### Prompt:
Produce the lines from the one containing "Sideview of Machine" through the end of the material exactly as they appear, both ends included, and leave the pictures out.

### Data block:
-------

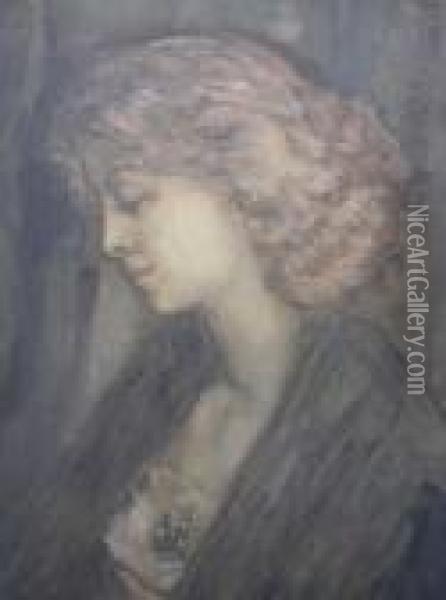 Jeune Femme Au Camee Oil Painting - Emile Bernard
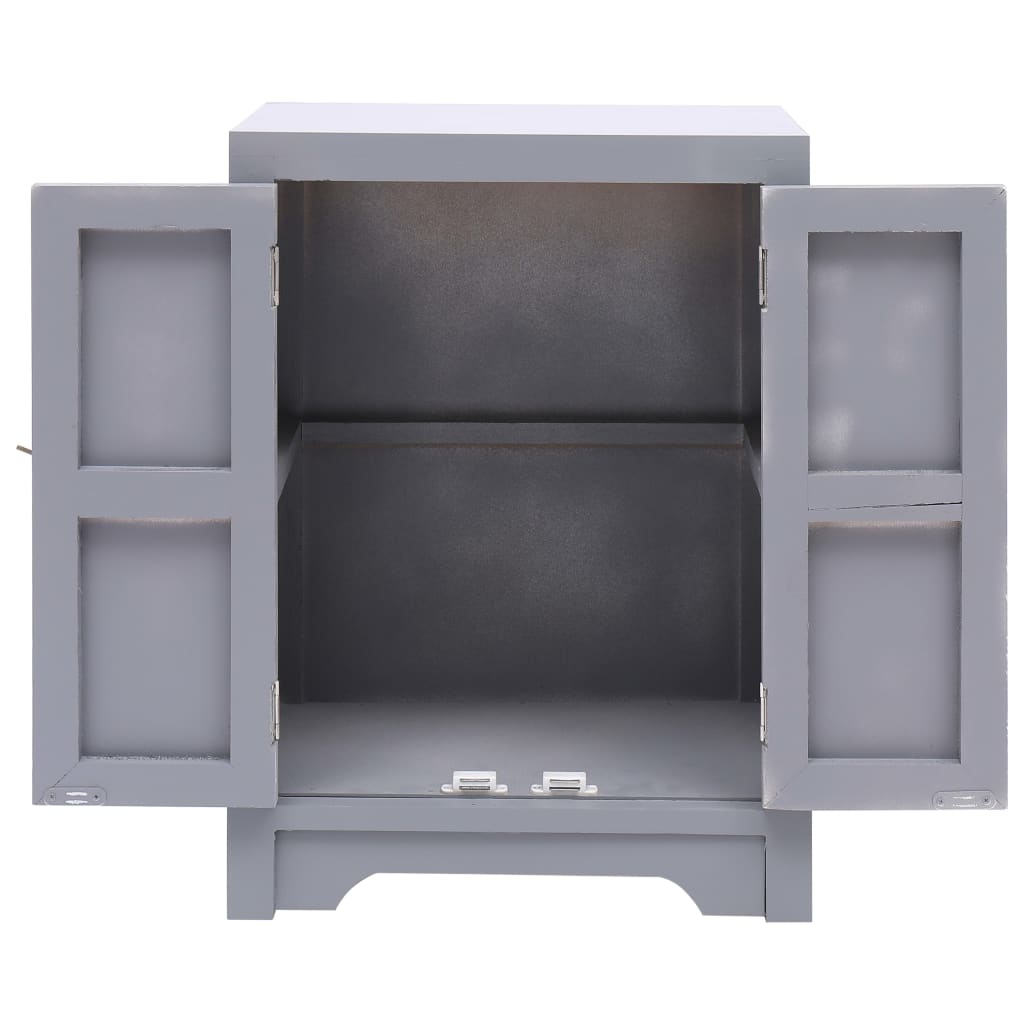 vidaXL Noptieră, gri, 38 x 28 x 52 cm, lemn de paulownia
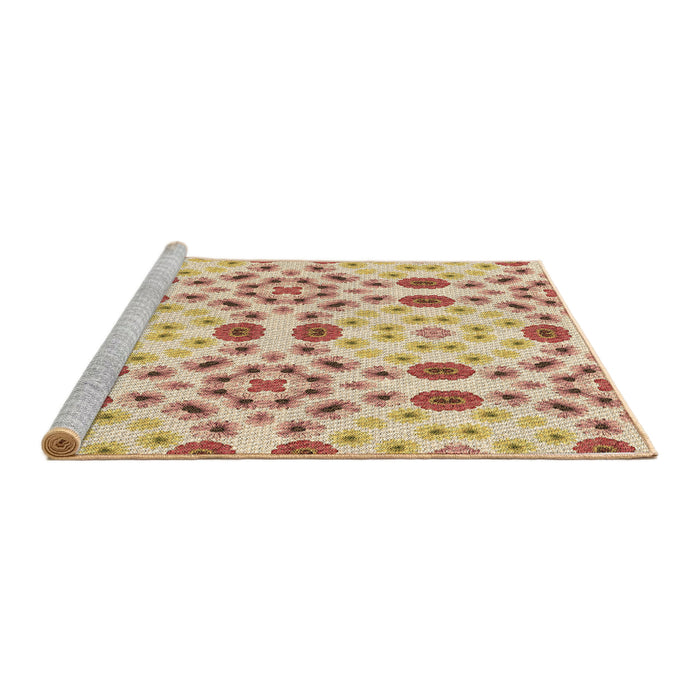 Sideview of Machine Washable Transitional Brown Gold Rug, wshpat1337brn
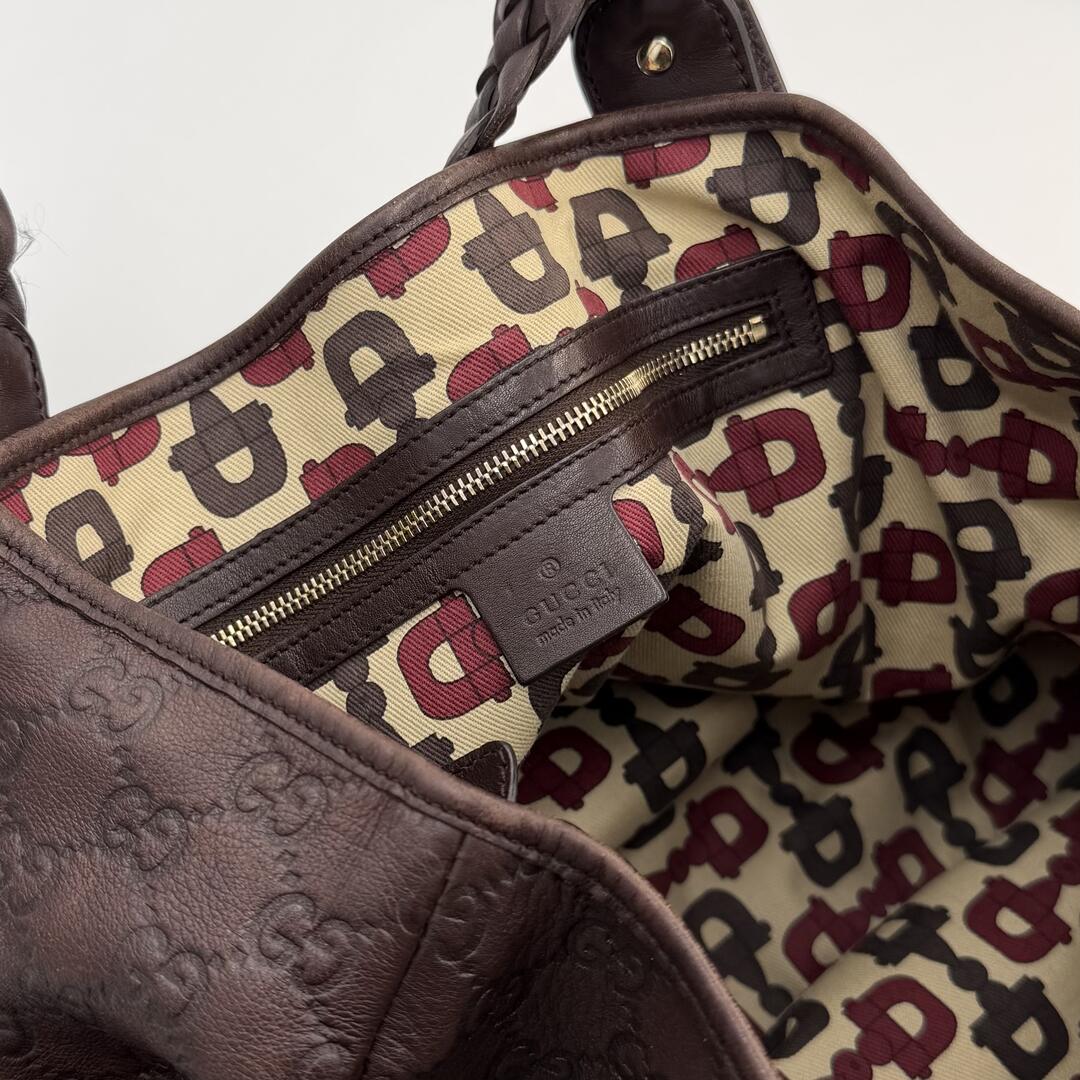 Gucci Guccissima Horsebit Leather Brown Tote Bag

-------

### Written response:
 Sideview of Machine Washable Transitional Brown Gold Rug, wshpat1337brn
 Gucci Guccissima Horsebit Leather Brown Tote Bag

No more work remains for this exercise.